On-chain options development remains immature. Ribbon Finance was the top options vault protocol in the previous cycle, and leading on-chain options trading platforms like Opyn and Lyra Finance also allow manual options premium strategies, though they have lost their former glory.
VI. Yield Tokenization
The representative Pendle protocol of this cycle, which began with fixed-rate lending in 2020 and matured in yield tokenization in 2024, allows users to lock in fixed income, speculate on future yields, or hedge yield risks by splitting yield assets into different components.
- Standardized yield tokens (SY) can be split into Principal Token (PT) and Yield Token (YT)
- PT (Principal Token): Represents the principal part of the underlying asset, which can be redeemed at a 1:1 ratio at maturity.
- YT (Yield Token): Represents the future yield portion, which decreases over time and becomes zero at expiration.
Pendle's trading strategies mainly include:
- Fixed Income: Holding PT until maturity provides fixed income, suitable for risk-averse investors.
- Yield Speculation: Buying YT to bet on future yield increases, suitable for risk-seeking investors.
- Risk Hedging: Selling YT to lock in current yields and avoid market downturn risks.
- Liquidity Provision: Users can deposit PT and YT into liquidity pools to earn trading fees and PENDLE rewards.
Currently, their promoted stablecoin pool offers attractive overall yields by combining underlying asset native yields, YT speculative yields, LP yields, Pendle token incentives, and Points incentives. One drawback is that Pendle's high-yield pools generally have shorter terms, requiring frequent on-chain operations to switch yield pools, unlike Staking, liquidity mining, or lending pools that can be set up once and left.

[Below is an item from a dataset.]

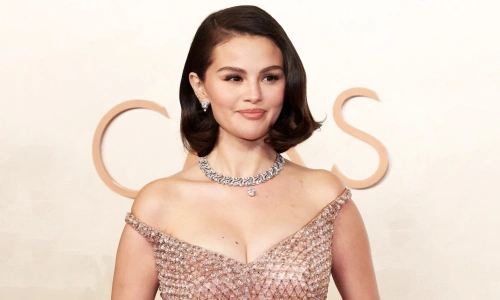 Selena Gomez Rare Beauty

VII. Basket of Stablecoin Yield Products:
Ether.Fi, as a leading Liquid Restaking protocol, actively embraced product transformation by launching various yield products for BTC, ETH, and stablecoins after the Restaking track entered a saturated downward trend, maintaining its leading position in the entire DeFi industry.

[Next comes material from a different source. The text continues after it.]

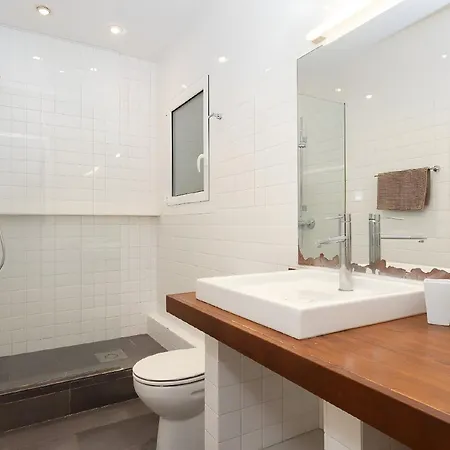 Apartment Filmoteca Sarria 1- Wifi Quiet Bright Comfi *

In its Market-Neutral USD pool, it provides users with a basket of stablecoin yield products through an actively managed fund, including lending (Syrup, Morpho, Aave), liquidity mining (Curve), funding rate arbitrage (Ethena), and yield tokenization (Pendle). For users seeking stable on-chain yields with insufficient funds who are unwilling to operate frequently, this approach offers a method of balancing high yields and risk diversification.

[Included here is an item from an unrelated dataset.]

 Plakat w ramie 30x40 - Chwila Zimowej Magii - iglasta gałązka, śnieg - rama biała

VIII. Stablecoin Staking Yields:
Stablecoin assets do not have Staking attributes like ETH and other PoS public chains. However, the AO network launched by the Arweave team accepts stETH and Dai staking in its token Fair Launch distribution model, with Dai staking offering the highest AO yield capital efficiency. We can categorize this stablecoin staking model as an alternative stablecoin yield method, which ensures Dai asset safety while earning additional AO token rewards, with the core risk being the uncertainty of AO network development and token price.
In summary, we have summarized the mainstream stablecoin yield models in the current crypto market as shown in the table above. Stablecoin assets are the most familiar yet easily overlooked market for crypto practitioners. Understanding the sources of stablecoin yields and making reasonable allocations can help navigate the uncertainties of the crypto market more confidently on a stable financial foundation.